Dziś, w poniedziałek 11 grudnia, o godz. 10 Mateusz Morawiecki wygłosi w Sejmie swoje trzecie w życiu exposé: jako szef rządu utworzonego po wyborach 15 października 2023 r. w tzw. pierwszym kroku konstytucyjnym poprosi Sejm o udzielenie swojemu gabinetowi wotum zaufania.
„Moje poniedziałkowe exposé będzie w pewnym sensie historyczne” – zapowiedział już w niedzielę. „Historyczne”, bo dwudzieste wygłoszone po 1989 r., ale też, jak podkreślił Morawiecki, „trzecie, którego przedstawienie przypadło w udziale mnie samemu”.

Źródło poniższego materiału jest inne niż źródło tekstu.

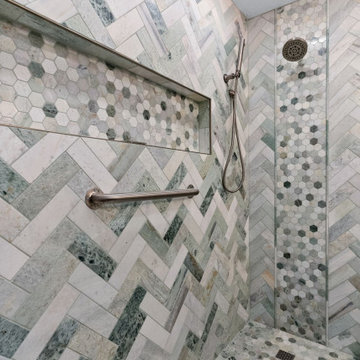 Stunning extra large tile shower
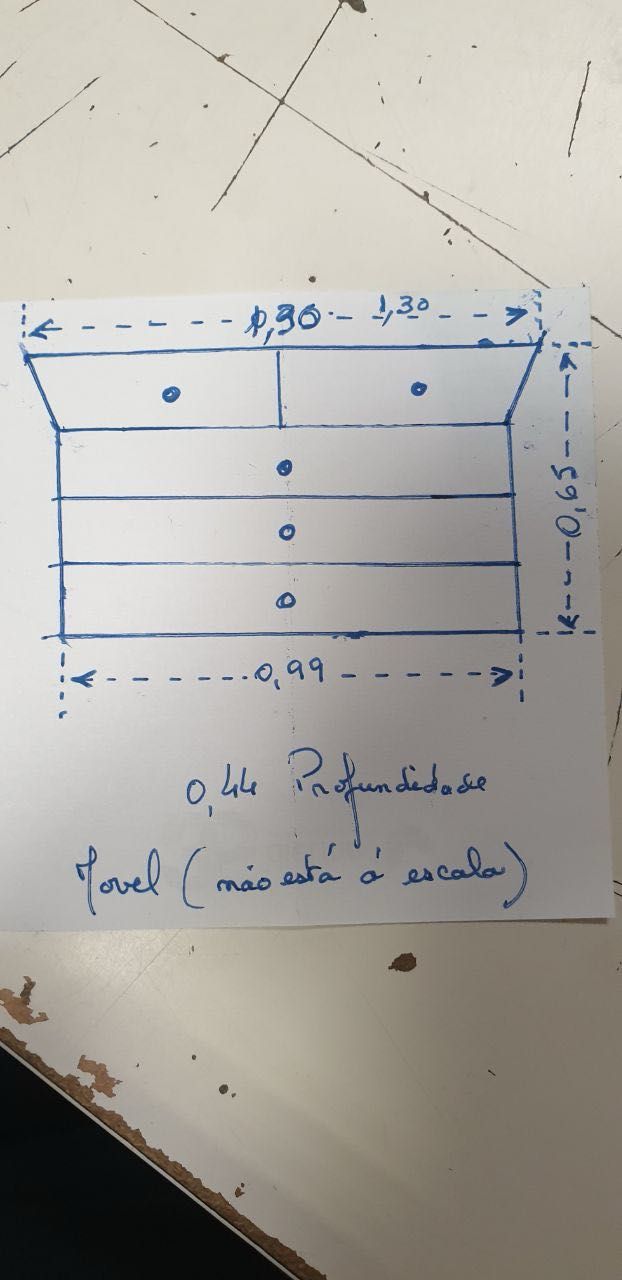 Móvel de quarto, branco com espelho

Są jeszcze inne argumenty za „historycznością” chwili, o których premier z PiS zapomniał wspomnieć w swoim facebookowym nagraniu. Zaprzysiężony 27 listopada przez prezydenta Andrzeja Dudę rząd Morawieckiego – nie bez satysfakcji nazywany przez wielu „dwutygodniowym” czy też „tymczasowym” – będzie najkrócej funkcjonującym gabinetem w dziejach III RP. Klub PiS ma w Sejmie jedynie 191 posłów i zaplanowane na godz. 15 głosowanie po prostu przegra.

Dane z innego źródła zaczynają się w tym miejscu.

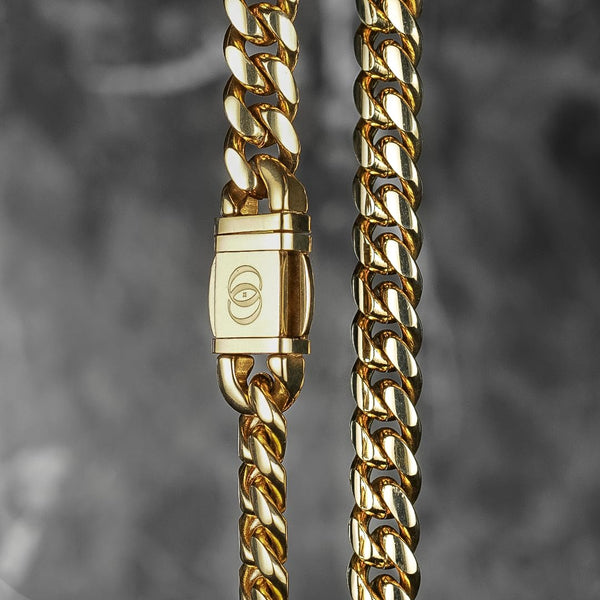 010 Zenith Link Cuban Chain - 14K Gold, 10mm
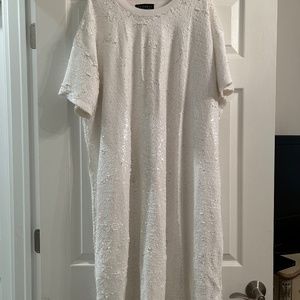 Summer White Party Dress Size 20 white sequin dress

Po 1989 r. poparcia posłów dla swoich gabinetów nie udało się uzyskać tylko dwóm premierom – Waldemarowi Pawlakowi (1992) i Markowi Belce (2004). Sprawowali władzę odpowiednio 35 i 40 dni, co gwarantuje Morawieckiemu pozycję zwycięzcy krótkiego dystansu.
Jednak trzeci rząd Morawieckiego będzie nie tylko rządem najkrótszym, ale też najdroższym. „Andrzej Duda powołał 18 ministrów – 16 konstytucyjnych oraz 2 tzw.